Earlier this month I attended Hollywood Hack Day, a weekend event that also happened to be my first as a developer evangelist. Hi, I’m Scott Motte.


Saturday, 7am. My buddy Jacob picks me up at my house and we begin the drive from Riverside to Beverly Hills. Spotify is playing through his speakers, and we’re talking JavaScript.

An hour in and we’re on the 101, then Santa Monica Blvd. The sun is shining. The homes are getting bigger. The palm trees are growing taller. We see a dog with shoes on. We’re close.

We pull up to the venue – the United Talent Agency building. It’s a glassy structure with poolside-style outdoor furniture, and a rumored private screening room.

We’re early by design. I meet the organizers of the event, and get to work helping them setup. These guys know how to run an event. Things go smoothly.

Elmer Thomas, our veteran Sendgrid evangelist, arrives soon after, and he shows me the ropes for setting up the SendGrid table.

Getting Underway

It’s 9am now. Elmer and I are chatting with people about technology and SendGrid. I also meet some of the other veteran evangelists – Neal from Mashery, Mager from Spotify, Song from Tokbox, and Devin from Rdio. Cool guys.

Soon the room is buzzing with designers and developers. Tables fill up. Teams form. There’s probably 100 developers and designers.

Rahim gives the introduction and the demos start from the developer evangelists. Good demos all around. I take mental notes for my next event where I will be demoing. Elmer takes this one.

Hacking Begins

Then it is off to hacking. The rest of the event is filled with developers doing what they do best – hacking. The food is good, the outdoor/indoor venue is refreshing, and the talent at this event is high.

I spend my time helping teams with Ruby and JavaScript, provisioning SendGrid accounts, deploying people’s apps to Heroku, refining ideas, and cutting some code. Others just want to chat and talk tech. It’s a good time.

That goes on until 5:30pm on Sunday. Time’s up. Everyone starts making their way to the presentation room.


It’s a Hollywood private screening room. Leather couches, beautiful decor, and perfect sound and picture.
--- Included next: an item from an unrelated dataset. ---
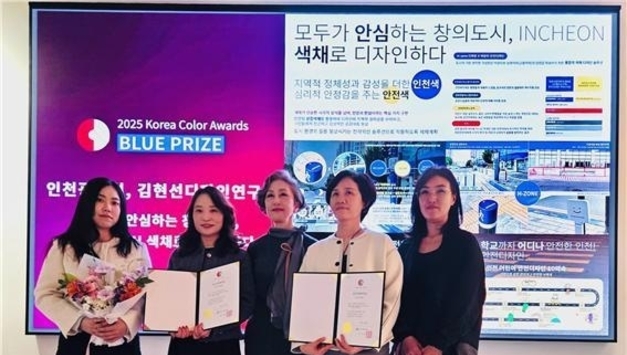 인천시, 한국색채대상 BLUE상 수상…2년 연속 쾌거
We all settle in and the demos begin.

I and others are really impressed with the demos. The technology in some of the apps is impressive too. This hackathon has the best talent of any hackathon I’ve been to.

We move through 37 presentations at 3 minutes each. I take notes on each of the presentations. Here’s the full list of those notes.


The judges go into a separate room to deliberate. I’m in that room as well giving my insight on the technical difficulty of some of the hacks alongside the rest of the developer evangelists. When the judges come out, first place is announced.

GoGoLoLow takes first prize. It’s an active gaming app where you put your phone in your pocket, it syncs up with your screen, and then you do your best to match the positions of your character on the screen. You earn points for doing so successfully. They put on a great demo – playing the game live. The theatre was filled with laughter watching their attempts to match the positions on screen. It was a well deserved first place.

There were many other prizes including best use of the SendGrid API. Elmer and I chose SpotiCli by Daniel and Aman. SpotiCli let you control Spotify from the command line and email the currently playing song to a friend from that same command line. They each won a Braven 600 wireless bluetooth speaker.

The End

And that was it. This was a magical hackathon, but like all hackathons it was suddenly over. Elmer and I took a few developers from the event out for dinner, and then we all went home.

I can’t wait to come back next year. Put this event on your calendar. Big thanks to @rahims, @AbeBurns, and @RyanChisholm for making Hollywood Hack Day happen.